Mais la guerre avait tout gâché. Les investisseurs s'étaient pressés dans l'hôtel particulier de la famille Chesne, et le tout Berdes avait parlé avec la terne excitation qu'ont les marchands ventripotents du projet du jeune mais sémillant Ryldenheim. "Imaginez-vous, gagner Nelen ! quelle douce folie !", chuchotaient les femmes, qu'elles soient hautes prêtresses ou dames de compagnie, au détour d'une rue, au coeur d'une foire et aux bords des quais. "C'est du vent, mais tout de même !", s'écriaient les hommes, une fois entre eux, dans une taverne, un salon ou quelque endroit où ils n'avaient plus à subir les babillements de leur douce et tendre à propos de ce trafiquant aussi mystérieux que riche. C'était son heure de gloire, au gaillard d'Oësgardie, sa chance à saisir !

Mais la guerre avait tout gâché. On avait armé des galées, corrompu beaucoup de gens, exalté les plus téméraires fils de famille. Tout avait été soigneusement calculé pour l'appareillage, la conquête ! Pensez-vous, Berdes la Jeune, bientôt Berdes la Grande ! Des terres pour les merciers, du lustre pour leurs chefs, une île pour la cité. La Porte du Levant s'ouvrait grand aux spadassins et aux comptables. Il y aurait de l'aventure et des Grands-Livres pour tout le monde, pas de jaloux ! Des sauvages à mater, des chiffres à décortiquer !

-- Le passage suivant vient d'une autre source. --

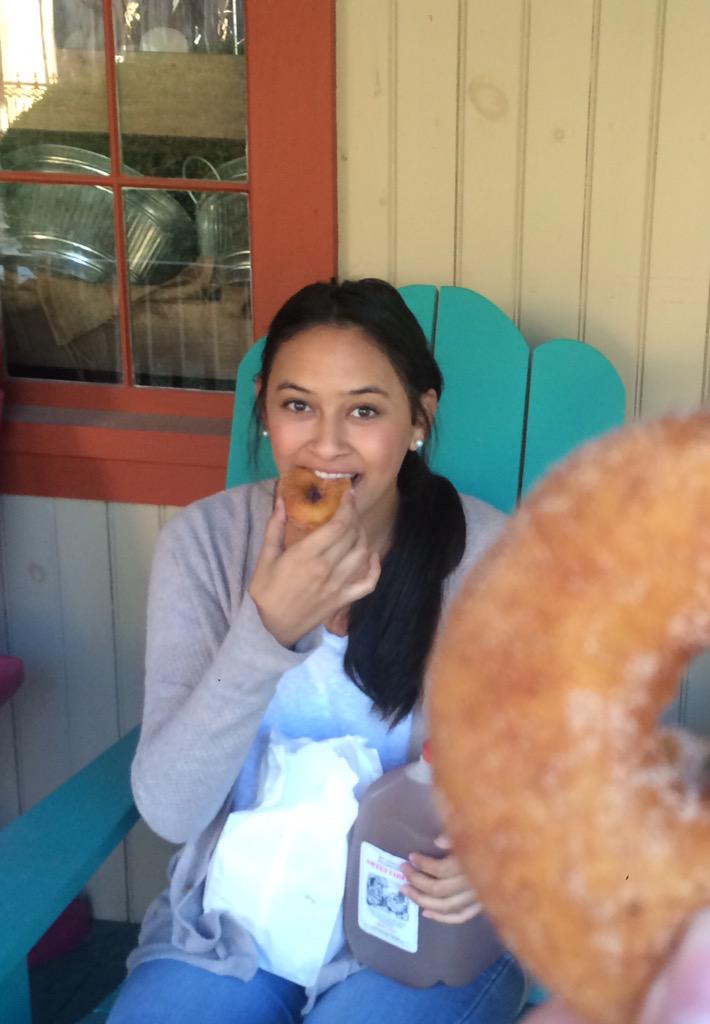 Jules_Driscoll's tweet photo. When your BFF looks good even when she had a donut in her face #donutmodel http://t.co/Cor1FnD9bI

Mais la guerre avait tout gâché, et c'en était fini des doux rêves. "Ordres du baron". Les vivres avaient été réquisitionnées, les spadassins enrôlés, les galées équipées. On avait ri au nez des investisseurs et des marchands ventripotents et des comptables. "Ordres du baron". La noblesse d'épée reprenait ses droits, rappelant cruellement à Berdes la Jeune qu'elle le restera toute sa vie. Adieu Nelen, son bel époux sauvage, adieu les terres, adieu les Grands-Livres ! "Ordres du baron". Noblesse oblige, noblesse contraint, noblesse écrase. Salope.

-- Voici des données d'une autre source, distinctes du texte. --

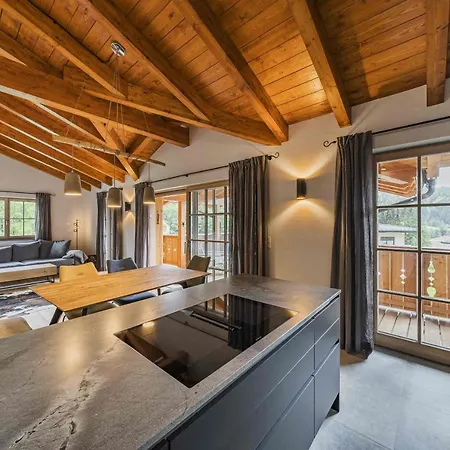 Appartement Dachstein West - Traumhafte Mit Garten Und Terrasse Russbach am Pass Gschütt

Salope, se répétait Lysandre. Salope salope salope. Salope de noblesse, salope de Berdes, salopes de planches. Le voilà coincé, acculé, bien baisé. Il avait l'impression de peser six cent livres, celui qu'on appelait le bateleur. Enfermé dans son rôle joué à merveille, connu sur le bout des doigts, répété mille fois. Menteur malheureux, riche de souverains, pauvre de lui. Il l'avait bien cherché ! Il avait même cherché et trouvé, trouvé puis tué pour tout ça, pour pouvoir s'acheter le masque du marchand patient et bonhomme. La cage dorée l'écrasait comme une chape de plomb. Une fois l'affaire tassée, tu reprendras la mer, se disait-il chaque soir, avant de s'endormir. Mais c'était là le comédien qui jouait sa scène ; il était trop lourd de son or pour partir où que ce soit, trop jaloux de son personnage pour endosser le rôle de qui que ce fût.

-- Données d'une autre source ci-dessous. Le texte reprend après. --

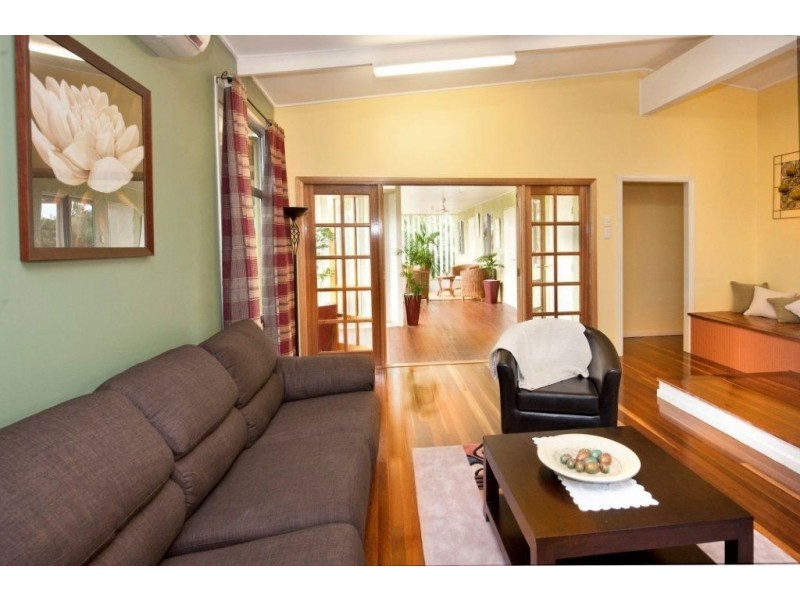 325 Duthie Avenue, Frenchville QLD 4701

Et puis un jour, la peur s'envola un instant, et l'ennui lui fit penser à cette ancienne amante qu'il avait eu dans le bordel le plus sordide de la plus sordide des cités, Sharas. Elle n'était encore qu'une gamine, et il l'avait tendrement aimé. Dans les moments vides où il regardait le ciel ou se contentait de siroter quelque tord-boyaux infects, il aimait à s'imaginer amoureux, et qu'un jour, quand il serait riche et heureux, il viendrait la chercher. Or ce moment de son existence, celui de patient négociant n'avait jamais plus incarner la vacuité à ses yeux. En un rien de temps, il fut en selle et gagna Sharas.

Il y a arriva à la tombée de la nuit. Délaissant son cheval à quelque palefrenier à l'air débile et au regard louche, il s'enfonça sans plus attendre dans les bas quartiers, à la recherche de celle qui devait tuer son ennui et raviver la flamme endormi qu'il s'était inventé tout au long de ces années. Il la trouva enfin, dans un de ces bouges qu'il avait tant fréquenté, y entra sans frémir. La lumière y était chiche ; la coterie, patibulaire. Trônant au fond dans la salle, dans une obscurité qui renforçait l'énormité de sa carrure, un tavernier que l'on trouve toujours dans les auberges de type deux les considéra, lui et ses riches parures, tandis qu'il approchait à grand pas. Que veut le noble seigneur ? Dix pièces d'or tombèrent sur la lourde table. Troisième porte à droite. Lysandre s'empressa de rejoindre le nid d'amour de la douce.

Je passerai ici comment Lysandre se fit connaître à la damoiselle et quels sentiments éprirent son coeur, car, dans cet homme aux cents masques, rien n'est plus vrai ni sincère, et tout se mélange dans la plus confuse alchimie. Miasmes et fragrances, vertus et péchés, justice et forfanterie s'unissent pour ne plus rien être, sinon une concotion fade, un gris terne tirant sur l'anthracite. Ce qui est vrai est, le voilà : lorsque l'on vit le bourgeois venir faire le paon dans la taverne malfamée, et lorsque l'on vit avec quelle négligence il déposa une petite fortune sur la table, "on" n'oublia pas d'empoigner son couteau avec la force que donne la cupidité. "On" monta l'escalier qu' "on" avait déjà tant de fois monter, "on" ouvrit la porte avec lenteur et "on" contempla (une nouvelle fois) les deux corps entrelacés.

Lysandre forniquait son égérie lorsqu'une lame vint épouser sa gorge haletante. Ainsi mourut-il, tandis que son amante suppliait, dans un soupir à la fois innocent et lascif, "Ah ! Ne m'abandonne plus jamais !"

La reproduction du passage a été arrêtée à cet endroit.